** EXCERPTED DATA **
= = = = =

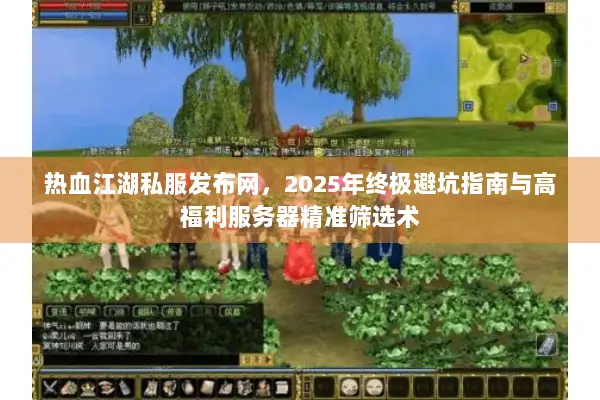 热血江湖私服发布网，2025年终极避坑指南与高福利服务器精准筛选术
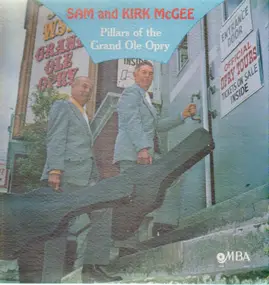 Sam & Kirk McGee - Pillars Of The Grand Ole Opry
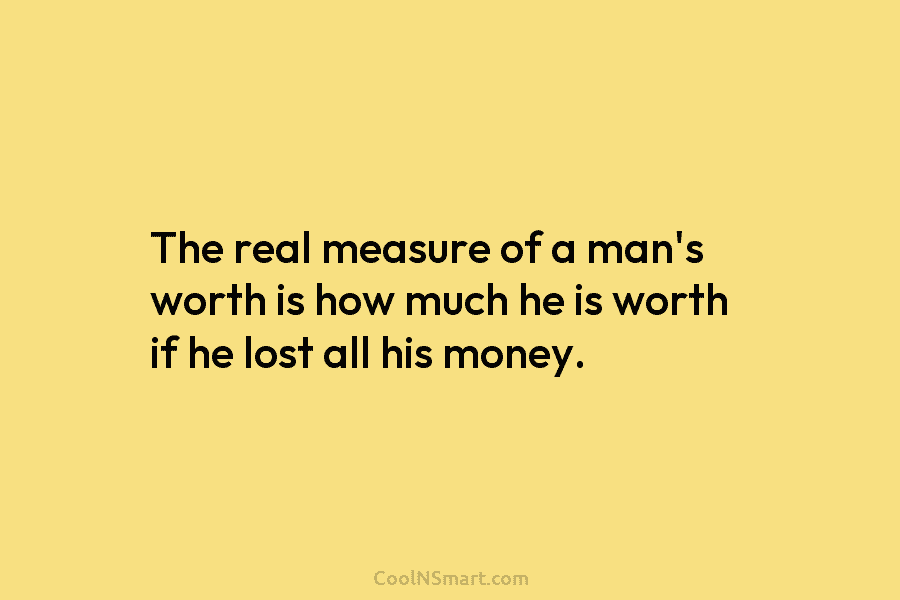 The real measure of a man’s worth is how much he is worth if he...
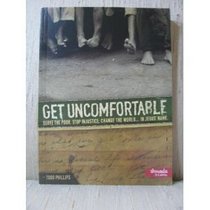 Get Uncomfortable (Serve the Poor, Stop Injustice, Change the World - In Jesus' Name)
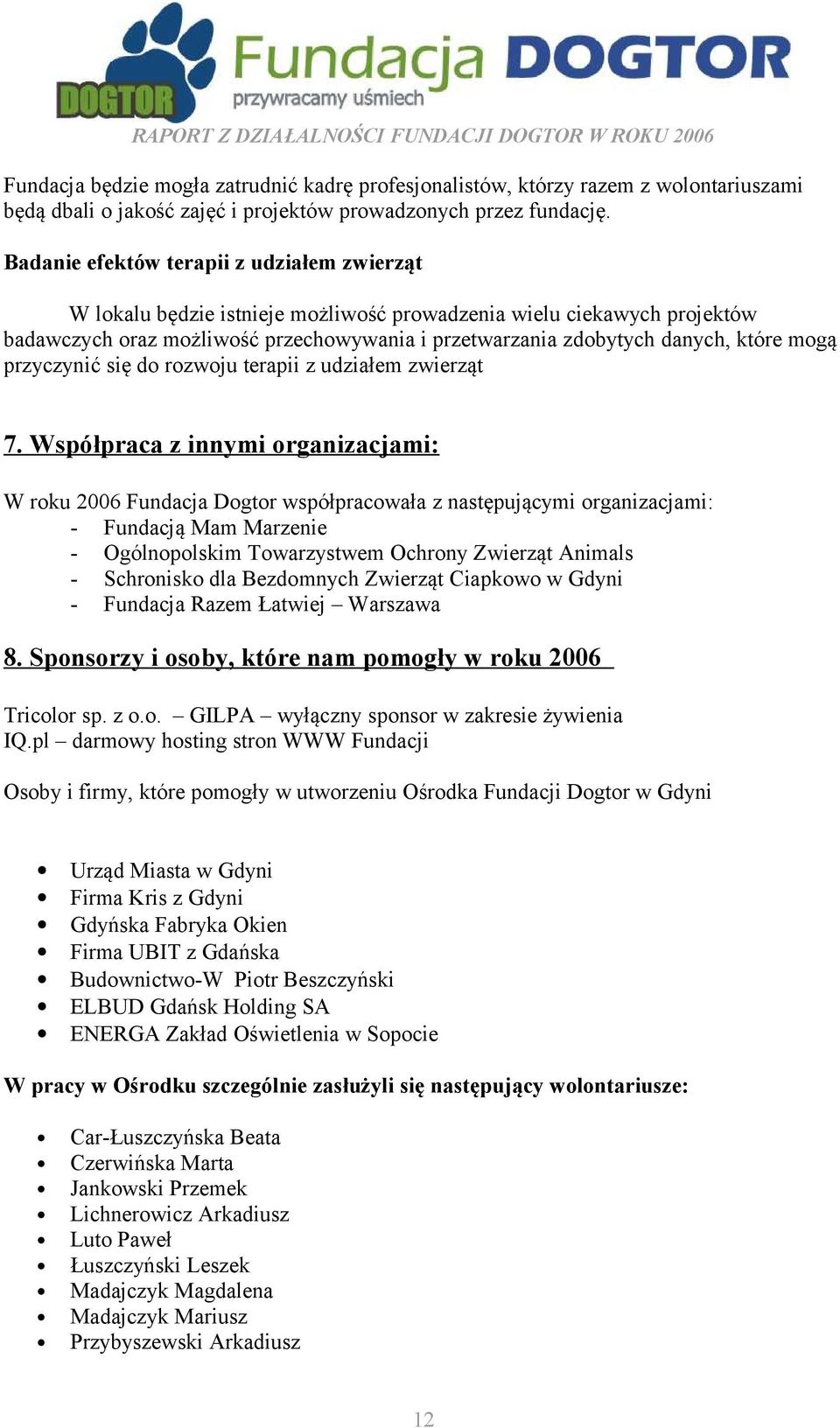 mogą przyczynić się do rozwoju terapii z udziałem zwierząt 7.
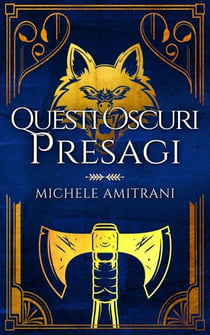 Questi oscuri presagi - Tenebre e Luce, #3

= = = = =

** TASK GOAL **
When you retype the listing above, keep each line exactly as written and drop the pictures.

** RESPONSE BELOW **
 热血江湖私服发布网，2025年终极避坑指南与高福利服务器精准筛选术
 Sam & Kirk McGee - Pillars Of The Grand Ole Opry
 The real measure of a man’s worth is how much he is worth if he...
 Get Uncomfortable (Serve the Poor, Stop Injustice, Change the World - In Jesus' Name)
 mogą przyczynić się do rozwoju terapii z udziałem zwierząt 7.
 Questi oscuri presagi - Tenebre e Luce, #3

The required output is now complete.